Almost 24 hours on from climbing into the pink jersey after stage four of the Giro d'Italia, one hopes Juan Pedro López has settled into the idea.
"If it's a dream, don't wake me up, please", is what the Trek-Segafredo rider tweeted after claiming the maglia rosa on Mount Etna. What will be interesting to see now is how long that very real dream can keep going for.
Immediately post stage the young Spaniard looked deflated at not winning the day's race, as he was beaten in the final hundred metres by Lennard Kämna, but the race lead should be some consolation.
López should settle into the idea of being in pink, as he is currently 39 seconds ahead of Kämna, and 1:42 ahead of Simon Yates, the first realistic contender for the general classification.
“I have no idea how long I can lead this race for,” López said on Tuesday evening. ’ll just have to take it day by day and see how it goes.”
It might be some time. The next serious mountain test comes on stage seven, with a 4730 metres of climbing in the day, and that is followed by Sunday's stage to Blockhaus with 5080 vertical metres.
However, López has proved his climbing abilities already this race. He distanced his breakaway colleagues on stage four, and was then able to hang around with Kämna when caught - the German is currently one of the most in form riders in the world.
He finished 11th at this year's Itzulia Basque Country, a race known for its vertiginous nature, just 5:24 behind the overall winner Dani Martínez. The Spaniard also finished 13th at last year's Vuelta a España, although that was over half an hour behind Primož Roglič, for context.
How long López stays in pink, then, depends on what the general classification teams want to do. If they make it hard on the Blockhaus stage, then that might be the end of Trek's pink Giro. If not, then it could continue.
This corsa rosa is very back-loaded, like so many editions. Stages 15-20 are all seriously hilly, mountainous really, and so if López is still in pink by then, it is likely that he will lose it on one of these days. His Trek team isn't set up to support a push for general classification, more to hunt stages, so it might be in their interests to lose the jersey sooner rather than later.

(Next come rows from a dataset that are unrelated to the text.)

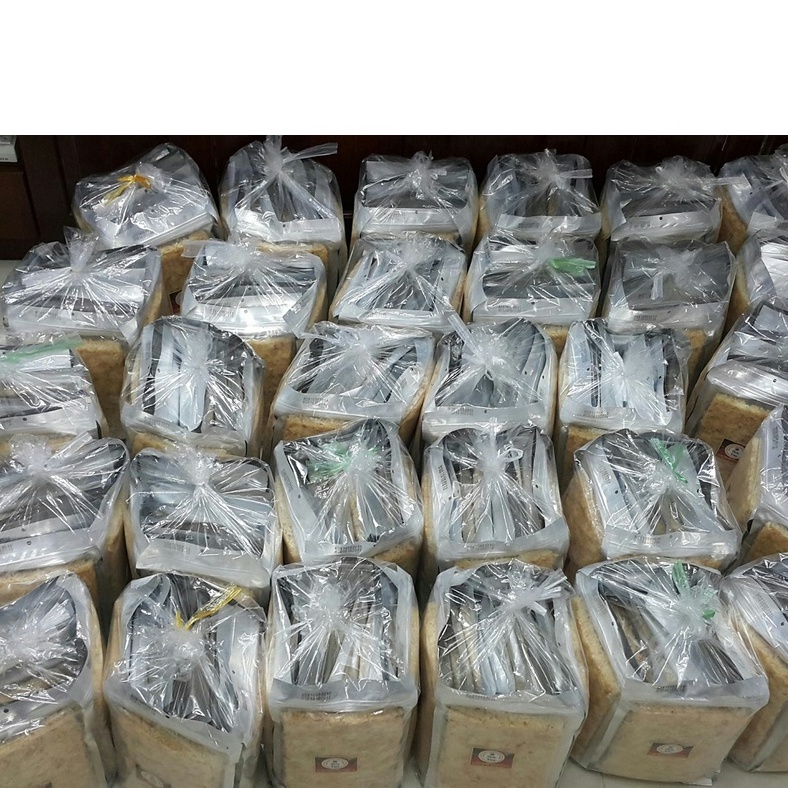 Cơm cháy siêu chà bông Tiến Vua gói 200gr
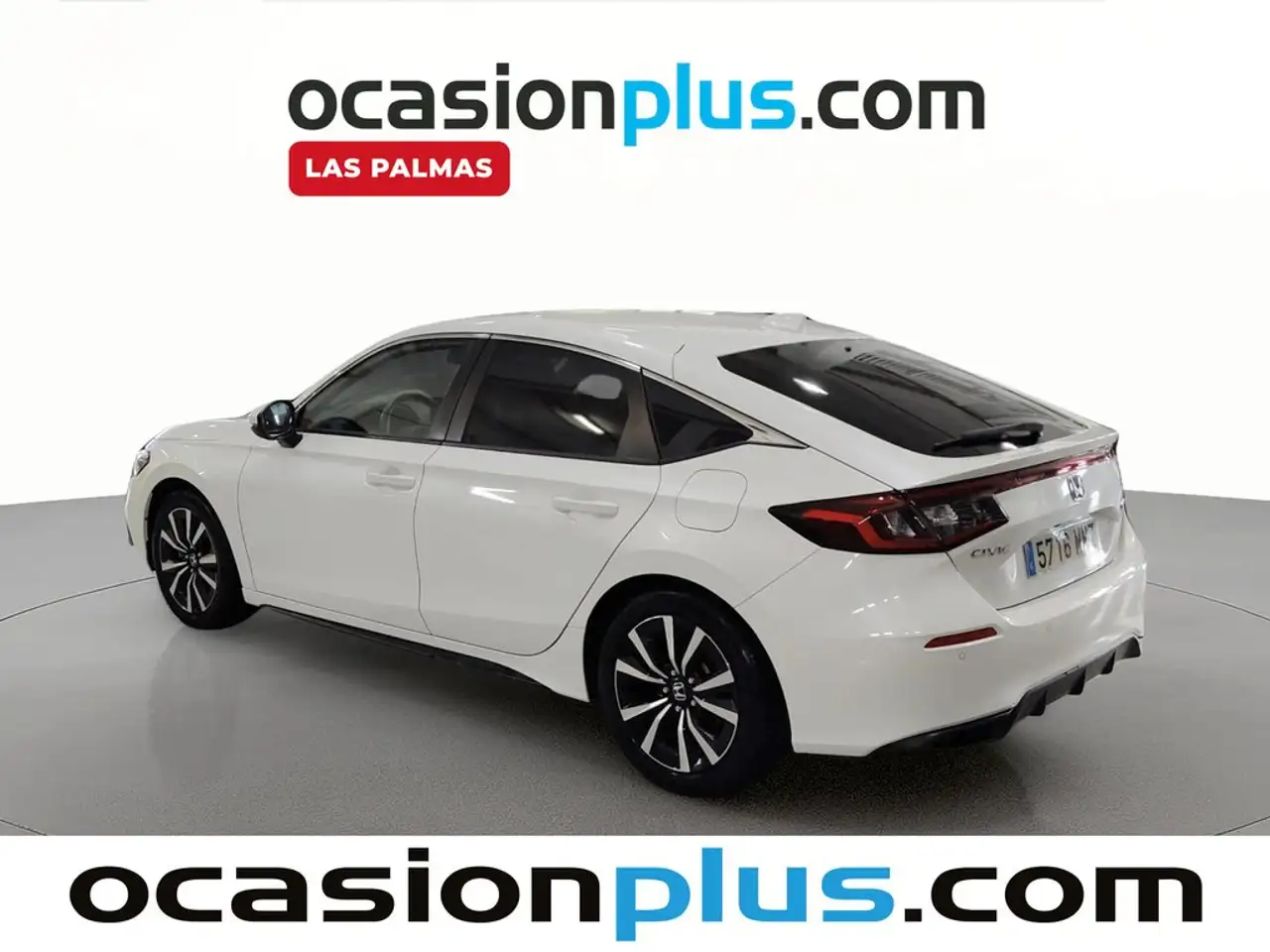 Honda Civic 2.0 i-MMD Elegance — Galería del vehículo 3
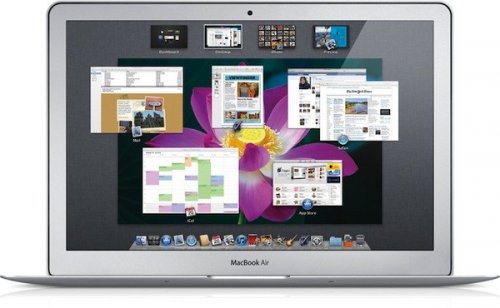 AirPlay Video and Games Mirroring plus iMessage coming to Mac OS X Lion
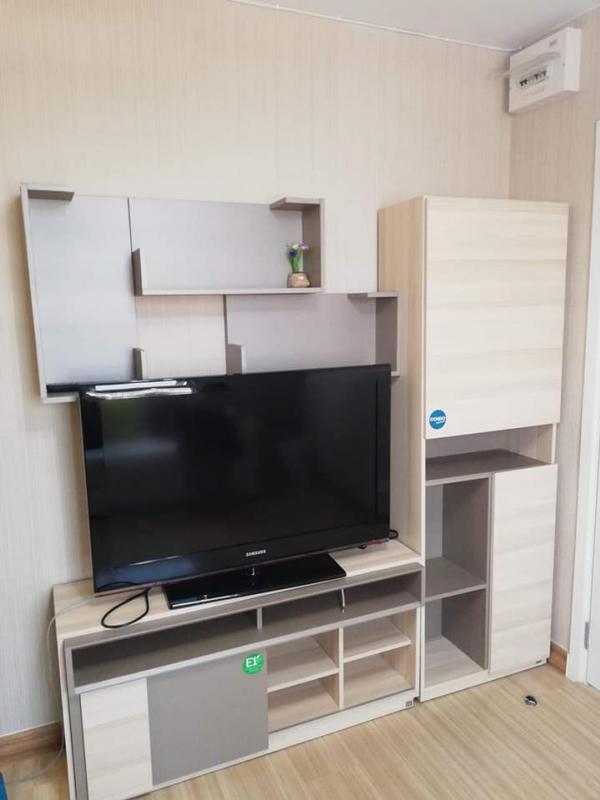 พลัมคอนโด พหลโยธิน 89 ให้เช่าด่วน ห้องตกแต่งพร้อม+เฟอร์ครบ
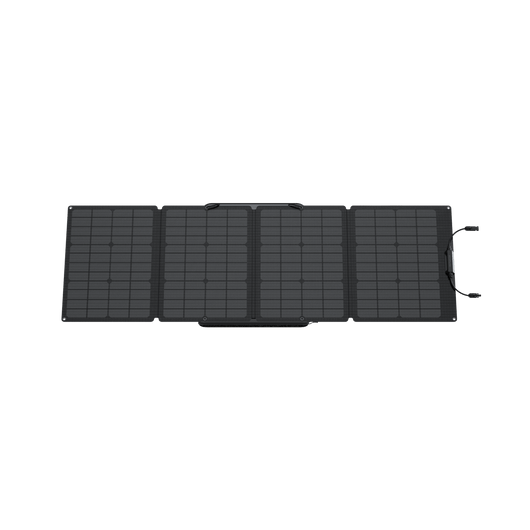 Panel Solar Portátil EcoFlow de 110 W Solar Panels EcoFlow   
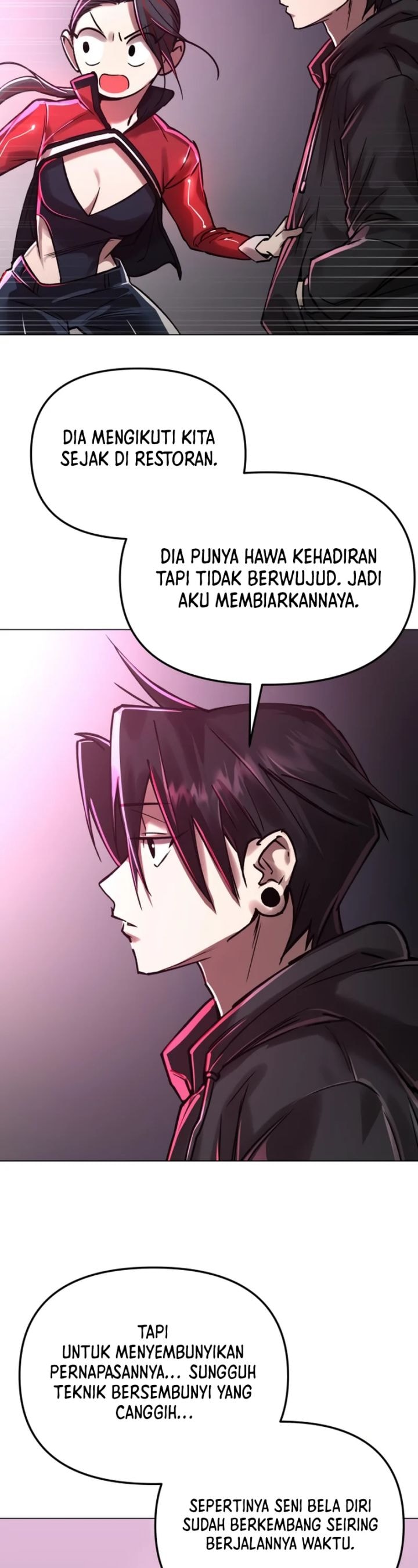 Cosmic Heavenly Demon 3077 - Chapter 5 - Page 36
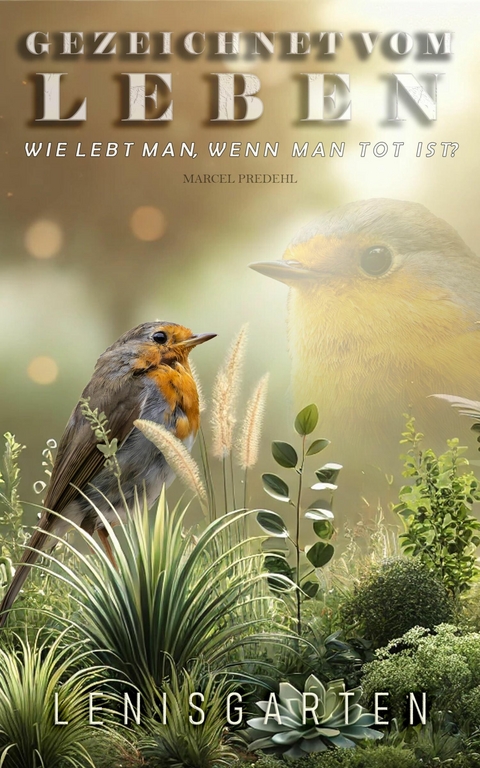 Gezeichnet vom Leben - Marcel Predehl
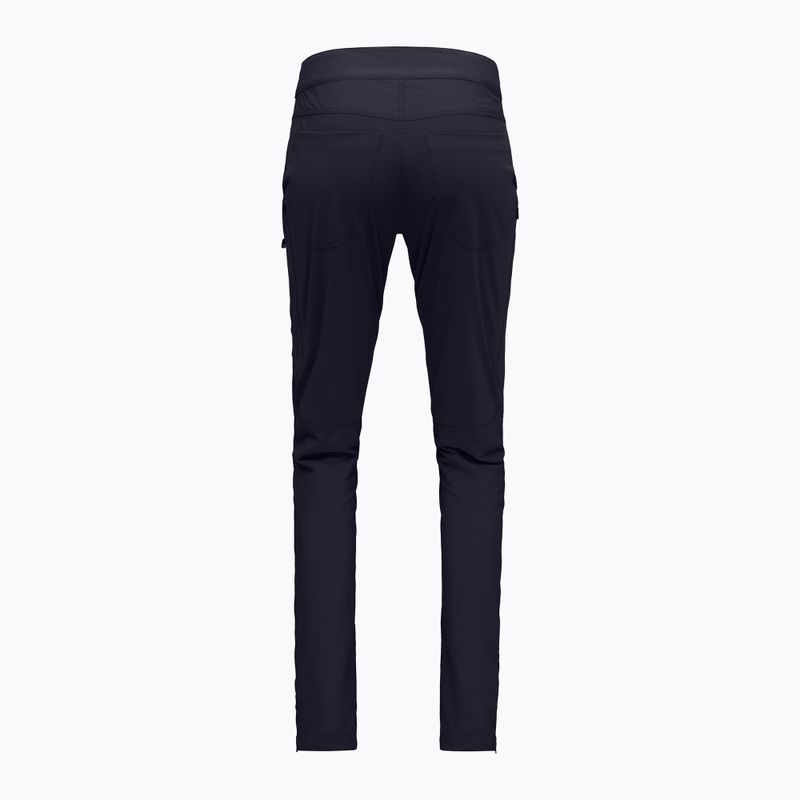 Pantaloni da trekking da donna NORRONA Femund Flex1 Lightweight caviar black 6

However, the 24-year-old can climb, and it is useful for the general classification teams to have a stalking horse in pink, so they don't have to control the race too early on. For the likes of Yates, Richard Carapaz and Romain Bardet, a lengthy stay at the top for López might prove incredibly helpful for their own hopes.
Let's hope that the Trek rider can start to believe that he does lead the Giro by the time he has finished making his repetitive trips to the podium.